WHAT IS EXPECTED: What is needed is an exact copy of the lines from the line holding "三、割双眼皮无论季节都要做好的三点" through the end of the material, with no other lines and no pictures.

RECORDED DATA:
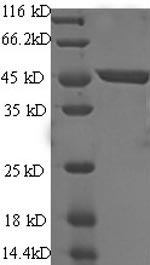 Human ILDR2 protein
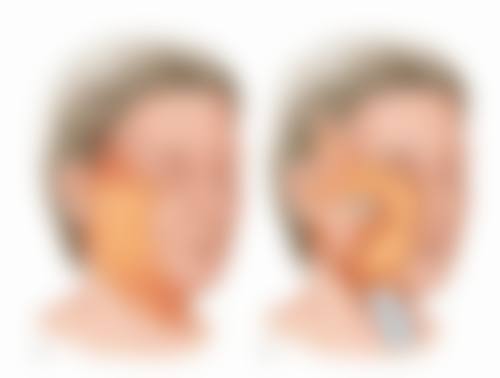 三、割双眼皮无论季节都要做好的三点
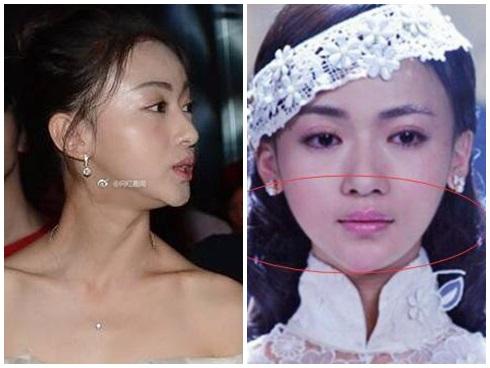 'Ngụy Anh Lạc' Ngô Cẩn Ngôn bị tố độn cằm, gọt mặt V-line, nhan sắc năm xưa khác xa bây giờ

ANSWER SECTION:
 三、割双眼皮无论季节都要做好的三点
 'Ngụy Anh Lạc' Ngô Cẩn Ngôn bị tố độn cằm, gọt mặt V-line, nhan sắc năm xưa khác xa bây giờ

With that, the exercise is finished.